207 W.Va. at 615, 616, 535 S.E.2d at 214, 215. See also, State v. Tidwell, 215 W.Va. 280, 283, 599 S.E.2d 703, 706 (2004), citing State v. Boyd, 209 W.Va. 90, 543 S.E.2d 647 (2000), to the effect that, if the defendant requested the charge, he cannot “complain of the result.”

            Similarly, the case now to be determined not only involves the rejection of a voluntary manslaughter instruction at trial but also circumstances wherein the evidence would not support a voluntary manslaughter verdict. Syllabus point 5 of State v. Demastus, 165 W.Va. 572, 270 S.E.2d 649 (1980), holds: “Jury instructions on possible guilty verdicts must only include those crimes for which substantial evidence has been presented upon which a jury might justifiably find the defendant guilty beyond a reasonable doubt.” Moreover, as this Court stated in syllabus point 1 of State v. Jones, 174 W.Va. 700, 329 S.E.2d 65 (1985):

         The question of whether a defendant is entitled to an instruction on a lesser included offense involves a two-part inquiry. The first inquiry is a legal one having to do with whether the lesser offense is by virtue of its legal elements or definition included in the greater offense.
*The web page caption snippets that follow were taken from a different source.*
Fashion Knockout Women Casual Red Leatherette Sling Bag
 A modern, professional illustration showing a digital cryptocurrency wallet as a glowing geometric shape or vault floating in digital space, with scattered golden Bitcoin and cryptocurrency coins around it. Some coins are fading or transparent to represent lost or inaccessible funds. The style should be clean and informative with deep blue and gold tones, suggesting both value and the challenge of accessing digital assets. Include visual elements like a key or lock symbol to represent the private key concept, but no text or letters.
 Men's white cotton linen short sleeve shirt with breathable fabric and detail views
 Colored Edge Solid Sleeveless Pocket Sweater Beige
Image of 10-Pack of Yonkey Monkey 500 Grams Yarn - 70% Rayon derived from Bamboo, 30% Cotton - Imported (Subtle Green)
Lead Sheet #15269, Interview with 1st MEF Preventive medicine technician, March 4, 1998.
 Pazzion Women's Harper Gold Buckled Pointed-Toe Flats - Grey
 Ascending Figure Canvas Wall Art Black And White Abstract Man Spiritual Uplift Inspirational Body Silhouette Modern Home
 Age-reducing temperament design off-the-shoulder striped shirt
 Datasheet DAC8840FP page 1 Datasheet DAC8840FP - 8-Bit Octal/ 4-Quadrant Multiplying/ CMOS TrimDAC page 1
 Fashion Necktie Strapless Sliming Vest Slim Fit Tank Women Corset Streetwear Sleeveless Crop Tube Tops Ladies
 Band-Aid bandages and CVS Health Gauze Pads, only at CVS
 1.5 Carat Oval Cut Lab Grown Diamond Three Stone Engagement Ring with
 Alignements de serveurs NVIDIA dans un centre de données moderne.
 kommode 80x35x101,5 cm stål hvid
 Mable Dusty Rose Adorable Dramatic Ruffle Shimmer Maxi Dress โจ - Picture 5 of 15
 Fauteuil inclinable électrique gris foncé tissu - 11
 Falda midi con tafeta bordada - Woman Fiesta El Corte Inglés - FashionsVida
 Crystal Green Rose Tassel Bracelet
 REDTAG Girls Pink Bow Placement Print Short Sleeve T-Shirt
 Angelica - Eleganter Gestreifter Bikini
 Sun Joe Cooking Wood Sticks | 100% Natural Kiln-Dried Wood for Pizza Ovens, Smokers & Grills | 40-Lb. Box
The second inquiry is a factual one which involves a determination by the trial court of whether there is evidence which would tend to prove such lesser included offense. State v. Neider, 170 W.Va. 662, 295 S.E.2d 902 (1982).
Syl. pt. 12, State v. McCraine, 214 W.Va. 188, 588 S.E.2d 177 (2003); syl. pt. 9, State v. Carey, 210 W.Va. 651, 558 S.E.2d 650 (2001); syl. pt. 4, State v. Blankenship, 208 W.Va. 612, 542 S.E.2d 433 (2000). Thus, syllabus point 4 of State v. Collins, 154 W.Va. 771, 180 S.E.2d 54 (1971), holds: “Instructions must be based upon the evidence and an instruction which is not supported by evidence should not be given.” Syl. pt. 5, State v. Brooks, 214 W.Va. 562, 591 S.E.2d 120 (2003).

            In State v. Smith, 198 W.Va. 441, 481 S.E.2d 747 (1996), the defendant, Patricia Lynn Smith, was convicted of murder of the second degree and conspiracy relating to the shooting death of her live-in boyfriend. Although the relationship between the decedent and Smith was described as “tempestuous,” Smith conceded that the evidence did not meet the criteria of battered woman syndrome. Nevertheless, the record contained substantial testimony of mutual arguing, shouting, threatening and the use of profanity. 198 W.Va. at 443, 481 S.E.2d at 749. The appellant, with the assistance of her 16 year-old son, shot the decedent while he was sleeping. This Court, in Smith, held that the Circuit Court did not abuse its discretion in refusing to instruct the jury on voluntary manslaughter. See, syl. pt. 1, State v. Bell, 211 W.Va. 308, 565 S.E.2d 430 (2002), noting that the refusal to give a jury instruction is reviewed under an abuse of discretion standard.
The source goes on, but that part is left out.